- [Your goal]:
Please repeat the lines below exactly. Begin with the line containing "VOS Thermostatic Shower" and go on through the line containing "RENKLİ PLASTİK ÖRGÜ ŞİŞİ 35 CM 4 MM".

- [Listed records]:
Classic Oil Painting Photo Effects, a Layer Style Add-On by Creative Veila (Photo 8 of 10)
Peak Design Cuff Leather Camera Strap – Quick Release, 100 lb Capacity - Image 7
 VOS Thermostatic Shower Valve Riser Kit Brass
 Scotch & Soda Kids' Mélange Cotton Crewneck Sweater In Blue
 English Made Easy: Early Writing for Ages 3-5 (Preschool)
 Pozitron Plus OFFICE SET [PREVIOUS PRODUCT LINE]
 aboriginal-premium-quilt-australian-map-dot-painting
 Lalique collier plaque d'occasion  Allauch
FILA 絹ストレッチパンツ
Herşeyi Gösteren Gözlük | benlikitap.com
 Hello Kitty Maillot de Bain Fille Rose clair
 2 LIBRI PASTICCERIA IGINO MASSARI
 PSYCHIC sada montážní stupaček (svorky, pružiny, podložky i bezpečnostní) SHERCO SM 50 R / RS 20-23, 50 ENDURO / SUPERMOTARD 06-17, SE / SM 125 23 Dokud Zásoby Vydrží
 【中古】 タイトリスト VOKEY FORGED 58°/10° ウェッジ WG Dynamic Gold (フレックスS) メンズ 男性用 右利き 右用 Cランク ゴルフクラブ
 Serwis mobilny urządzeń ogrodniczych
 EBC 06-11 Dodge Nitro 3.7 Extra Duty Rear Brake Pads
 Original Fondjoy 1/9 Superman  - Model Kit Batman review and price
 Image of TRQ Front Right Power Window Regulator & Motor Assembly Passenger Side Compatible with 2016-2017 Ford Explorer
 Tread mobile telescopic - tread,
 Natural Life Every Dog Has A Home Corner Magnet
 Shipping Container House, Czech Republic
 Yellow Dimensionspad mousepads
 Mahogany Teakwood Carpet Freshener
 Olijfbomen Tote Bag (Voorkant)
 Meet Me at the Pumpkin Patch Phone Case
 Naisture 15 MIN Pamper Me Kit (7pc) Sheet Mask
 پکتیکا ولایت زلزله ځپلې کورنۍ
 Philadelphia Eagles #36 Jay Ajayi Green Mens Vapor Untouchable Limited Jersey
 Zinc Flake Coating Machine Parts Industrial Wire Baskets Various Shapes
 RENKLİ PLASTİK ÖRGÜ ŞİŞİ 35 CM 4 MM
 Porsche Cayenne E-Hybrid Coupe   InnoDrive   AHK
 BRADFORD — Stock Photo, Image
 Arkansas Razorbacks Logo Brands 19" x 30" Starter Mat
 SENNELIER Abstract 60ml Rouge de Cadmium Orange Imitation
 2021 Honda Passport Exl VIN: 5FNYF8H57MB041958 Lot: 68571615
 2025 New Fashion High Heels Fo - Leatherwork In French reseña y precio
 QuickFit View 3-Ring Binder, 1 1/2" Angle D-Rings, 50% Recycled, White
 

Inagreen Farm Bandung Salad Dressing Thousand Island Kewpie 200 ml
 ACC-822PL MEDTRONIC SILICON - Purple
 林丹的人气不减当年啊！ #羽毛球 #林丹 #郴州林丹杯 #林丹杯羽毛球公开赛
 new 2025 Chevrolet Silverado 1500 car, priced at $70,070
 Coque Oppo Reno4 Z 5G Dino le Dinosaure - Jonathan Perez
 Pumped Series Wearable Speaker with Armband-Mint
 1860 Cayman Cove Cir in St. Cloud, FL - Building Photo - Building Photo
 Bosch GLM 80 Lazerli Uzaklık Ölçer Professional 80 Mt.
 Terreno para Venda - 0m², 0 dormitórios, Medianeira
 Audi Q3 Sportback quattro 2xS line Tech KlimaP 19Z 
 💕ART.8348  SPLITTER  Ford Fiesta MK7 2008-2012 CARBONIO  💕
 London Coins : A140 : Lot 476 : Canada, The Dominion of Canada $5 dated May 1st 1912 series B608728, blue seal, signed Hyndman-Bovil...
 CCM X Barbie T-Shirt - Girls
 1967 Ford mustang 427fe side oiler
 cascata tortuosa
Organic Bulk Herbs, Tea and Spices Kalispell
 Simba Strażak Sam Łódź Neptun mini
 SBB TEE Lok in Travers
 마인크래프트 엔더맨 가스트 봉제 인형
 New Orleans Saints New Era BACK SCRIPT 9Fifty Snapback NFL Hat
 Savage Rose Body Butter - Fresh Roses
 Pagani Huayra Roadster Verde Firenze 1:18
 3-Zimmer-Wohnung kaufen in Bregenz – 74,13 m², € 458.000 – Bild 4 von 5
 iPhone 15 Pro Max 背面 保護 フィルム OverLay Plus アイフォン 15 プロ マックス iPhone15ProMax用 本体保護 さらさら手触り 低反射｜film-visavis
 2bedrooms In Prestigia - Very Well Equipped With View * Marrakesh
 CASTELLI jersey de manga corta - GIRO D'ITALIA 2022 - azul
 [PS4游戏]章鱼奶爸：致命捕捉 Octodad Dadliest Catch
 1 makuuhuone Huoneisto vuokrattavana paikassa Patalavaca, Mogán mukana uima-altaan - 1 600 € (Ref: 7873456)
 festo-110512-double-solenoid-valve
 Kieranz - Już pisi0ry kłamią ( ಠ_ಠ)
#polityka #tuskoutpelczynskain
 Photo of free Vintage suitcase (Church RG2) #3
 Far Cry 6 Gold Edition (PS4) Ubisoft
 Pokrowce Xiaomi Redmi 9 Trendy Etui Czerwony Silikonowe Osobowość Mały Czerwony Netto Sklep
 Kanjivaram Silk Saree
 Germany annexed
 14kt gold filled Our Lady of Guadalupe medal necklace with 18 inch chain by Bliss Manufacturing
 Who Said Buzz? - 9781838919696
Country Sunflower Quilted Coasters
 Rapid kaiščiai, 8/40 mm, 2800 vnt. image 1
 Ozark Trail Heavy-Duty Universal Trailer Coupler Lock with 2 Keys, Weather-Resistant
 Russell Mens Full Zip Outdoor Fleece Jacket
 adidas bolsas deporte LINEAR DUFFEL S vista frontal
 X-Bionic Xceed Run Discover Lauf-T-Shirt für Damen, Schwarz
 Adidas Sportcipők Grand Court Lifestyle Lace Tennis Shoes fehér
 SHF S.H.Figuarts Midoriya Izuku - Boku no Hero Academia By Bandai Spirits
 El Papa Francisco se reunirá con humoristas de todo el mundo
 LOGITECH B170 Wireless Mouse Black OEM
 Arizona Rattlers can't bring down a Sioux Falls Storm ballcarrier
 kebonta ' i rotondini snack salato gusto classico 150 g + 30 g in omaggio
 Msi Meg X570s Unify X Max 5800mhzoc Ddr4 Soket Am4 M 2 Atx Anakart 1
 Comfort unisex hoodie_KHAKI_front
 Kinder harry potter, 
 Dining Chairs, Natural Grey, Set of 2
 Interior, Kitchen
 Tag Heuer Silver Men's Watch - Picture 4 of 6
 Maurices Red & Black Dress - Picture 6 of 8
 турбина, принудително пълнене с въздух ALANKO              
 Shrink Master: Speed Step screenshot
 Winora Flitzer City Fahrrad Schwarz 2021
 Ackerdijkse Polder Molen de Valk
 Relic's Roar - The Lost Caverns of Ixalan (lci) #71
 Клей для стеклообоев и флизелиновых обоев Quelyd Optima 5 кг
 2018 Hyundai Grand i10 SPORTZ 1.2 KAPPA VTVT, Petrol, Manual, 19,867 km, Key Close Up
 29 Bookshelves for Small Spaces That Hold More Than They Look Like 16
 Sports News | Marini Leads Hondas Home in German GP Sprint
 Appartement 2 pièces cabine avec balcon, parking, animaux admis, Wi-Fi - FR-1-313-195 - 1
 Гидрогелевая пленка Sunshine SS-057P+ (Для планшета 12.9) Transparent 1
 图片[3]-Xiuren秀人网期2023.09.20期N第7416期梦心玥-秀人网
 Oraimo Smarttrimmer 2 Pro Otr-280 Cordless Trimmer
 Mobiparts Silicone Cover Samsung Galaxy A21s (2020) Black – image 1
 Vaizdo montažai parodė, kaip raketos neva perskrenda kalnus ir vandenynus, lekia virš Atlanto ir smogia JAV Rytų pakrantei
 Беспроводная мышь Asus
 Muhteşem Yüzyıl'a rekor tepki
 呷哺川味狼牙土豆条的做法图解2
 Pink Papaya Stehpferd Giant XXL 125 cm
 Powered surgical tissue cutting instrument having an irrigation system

- [Response below]:
 VOS Thermostatic Shower Valve Riser Kit Brass
 Scotch & Soda Kids' Mélange Cotton Crewneck Sweater In Blue
 English Made Easy: Early Writing for Ages 3-5 (Preschool)
 Pozitron Plus OFFICE SET [PREVIOUS PRODUCT LINE]
 aboriginal-premium-quilt-australian-map-dot-painting
 Lalique collier plaque d'occasion  Allauch
FILA 絹ストレッチパンツ
Herşeyi Gösteren Gözlük | benlikitap.com
 Hello Kitty Maillot de Bain Fille Rose clair
 2 LIBRI PASTICCERIA IGINO MASSARI
 PSYCHIC sada montážní stupaček (svorky, pružiny, podložky i bezpečnostní) SHERCO SM 50 R / RS 20-23, 50 ENDURO / SUPERMOTARD 06-17, SE / SM 125 23 Dokud Zásoby Vydrží
 【中古】 タイトリスト VOKEY FORGED 58°/10° ウェッジ WG Dynamic Gold (フレックスS) メンズ 男性用 右利き 右用 Cランク ゴルフクラブ
 Serwis mobilny urządzeń ogrodniczych
 EBC 06-11 Dodge Nitro 3.7 Extra Duty Rear Brake Pads
 Original Fondjoy 1/9 Superman  - Model Kit Batman review and price
 Image of TRQ Front Right Power Window Regulator & Motor Assembly Passenger Side Compatible with 2016-2017 Ford Explorer
 Tread mobile telescopic - tread,
 Natural Life Every Dog Has A Home Corner Magnet
 Shipping Container House, Czech Republic
 Yellow Dimensionspad mousepads
 Mahogany Teakwood Carpet Freshener
 Olijfbomen Tote Bag (Voorkant)
 Meet Me at the Pumpkin Patch Phone Case
 Naisture 15 MIN Pamper Me Kit (7pc) Sheet Mask
 پکتیکا ولایت زلزله ځپلې کورنۍ
 Philadelphia Eagles #36 Jay Ajayi Green Mens Vapor Untouchable Limited Jersey
 Zinc Flake Coating Machine Parts Industrial Wire Baskets Various Shapes
 RENKLİ PLASTİK ÖRGÜ ŞİŞİ 35 CM 4 MM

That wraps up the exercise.